1. **Reducing demux concurrency from 8 to 3** — The single biggest lever
   and the most counter-intuitive finding.  Demuxing was assumed to be a
   near-trivial operation (milliseconds per item vs hundreds of
   milliseconds for decoding), so its concurrency seemed unimportant.
   In reality, demux threads contend severely at modest concurrency
   levels, and per-item latency rises sharply:

   .. note::

      A follow-up investigation traced the bottleneck to FFmpeg's
      ``codec_mutex`` — a process-wide lock in `libavcodec/avcodec.c
      <https://ffmpeg.org/doxygen/8.0/avcodec_8c_source.html>`_
      that serializes ``codec->init()`` for any decoder flagged
      ``FF_CODEC_CAP_NOT_INIT_THREADSAFE`` (applied to codecs backed
      by external libraries whose thread-safety status is unknown to
      FFmpeg).  Every ``Demuxer`` construction calls
      ``avformat_find_stream_info``, which internally opens decoders
      to probe stream parameters, hitting this lock once per stream.

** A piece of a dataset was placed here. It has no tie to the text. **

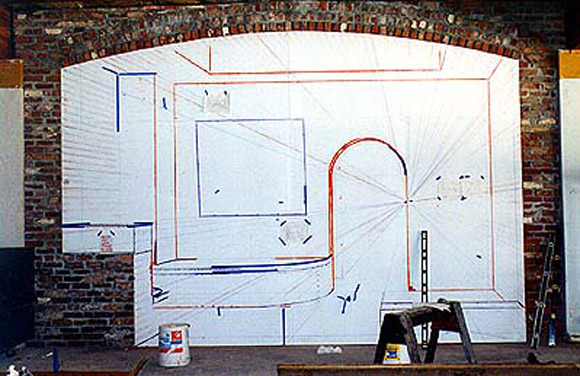 pugh_cafe_expl This is exact same wall before the Mural was painted on it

   .. list-table:: Demux Contention Curve
      :header-rows: 1
      :widths: 20 25 25

      * - Concurrency
        - Per-item Latency (p50)
        - Throughput
      * - c=2
        - ~0.010s
        - 1,261 sps
      * - **c=3**
        - **0.013s**
        - **1,294 sps**
      * - c=4
        - 0.023s
        - 1,126 sps
      * - c=6
        - 0.067s
        - 580 sps
      * - c=8 (default)
        - 0.150s
        - 386 sps

   Going from c=8 to c=3 reduced per-item demux latency by **11.5×**
   (0.150s → 0.013s).  The agent mapped this curve methodically and
   pinpointed c=3 as the sweet spot.

2. **Shorter subclip duration (0.5s vs 2.0s)** — The first run found
   2.0s optimal.  With MTP subprocess isolation and the improved pipeline
   architecture, 0.5s became viable — the demux seeking overhead that
   penalized short clips in the first run was eliminated by running demux
   in a separate process.

3. **MTP subprocess isolation** — Running demux in a subprocess via
   ``spdl.pipeline.run_pipeline_in_subprocess`` isolates CPU-intensive
   FFmpeg container parsing from CUDA kernel launch scheduling.  This
   required packet serialization support (pickle for ``VideoPackets``).

4. **GC management** — Disabling automatic garbage collection during
   training steps and running ``gc.collect()`` between epochs eliminated
   periodic latency spikes (~30ms every 50 steps).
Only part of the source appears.